Malcolm grunts. “Probably same thing as Roof. Except I wouldn’t invite my ex-girlfriend whose boyfriend I just jumped to my funeral.”
“That’s no doubt where he went wrong,” Tagoe says.
“What about you?” Malcolm asks.
“Same.”
“Do you . . .” Malcolm stops. It’s not like when Malcolm was helping Tagoe defeat writer’s block as he was working on Substitute Doctor and was shy about his pitch about the demon doctor wearing a stethoscope that could read his patients’ minds—that was a great idea. This is something sure to piss him off.
“I wouldn’t look for my mom or find out how my dad died,” Tagoe says.
“Why not? If I knew more about the asshole who burned my home down, I’d get into my first fight,” Malcolm says.
“I only care about the people who wanna be in my life. Like Rufus. Remember how he was nervous about coming out to us because he didn’t wanna stop sharing a room with us since we had so much fun? That’s someone who wants to be in my life. And I wanna be there for his. However much of it is left.”

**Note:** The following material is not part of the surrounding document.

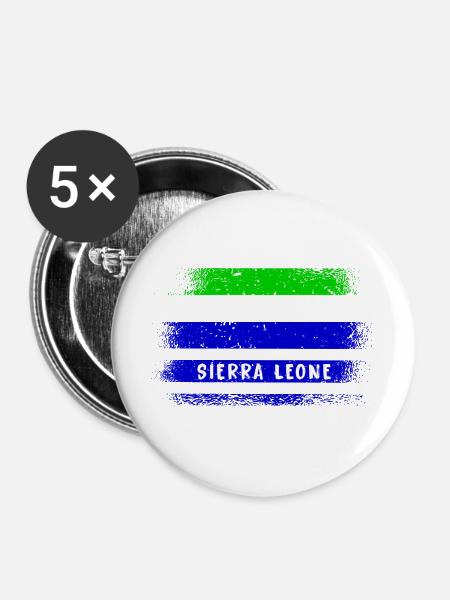 Sierra Leone Flaggen Design - Buttons groß 56 mm (5er Pack) - Weiß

Tagoe takes off his glasses and lets his neck run wild.
KENDRICK O’CONNELL
10:03 a.m.
Death-Cast did not call Kendrick O’Connell because he isn’t dying today. He may not be losing his life, but he’s just lost his job at the sandwich shop. Kendrick keeps his apron, not giving a shit. He leaves the shop, lighting a cigarette.
Kendrick has never been lucky. Even when he struck gold last year, when his parents finally divorced, it wasn’t long before his luck ran dry. His mother and father were as good a fit for each other as an adult’s foot in a child’s shoe; even at nine years old Kendrick recognized this. Kendrick didn’t know much back then, but he was pretty sure love didn’t mean that your father slept on the couch and that your mother didn’t care when her husband was caught cheating on her with younger girls in Atlantic City. (Kendrick has a problem with minding his own damn business, and could possibly be happier if he were a little more ignorant.)

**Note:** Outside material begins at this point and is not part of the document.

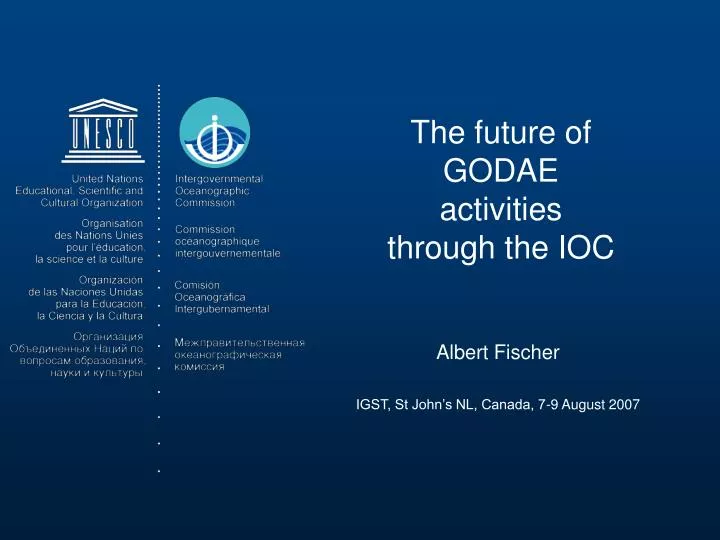 the future of godae activities through the ioc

The first child support check came just in time since Kendrick needed new sneakers; the front soles of his old pair had split, and his classmates made fun of him relentlessly because his shoes “talked” every time he walked—open, close, open, close. Kendrick begged his mother for the latest Jordans, and she spent three hundred dollars on them because Kendrick “needed a victory.” At least that’s what she told his paternal grandfather, who is a terrible man—but that’s not a story of any importance here.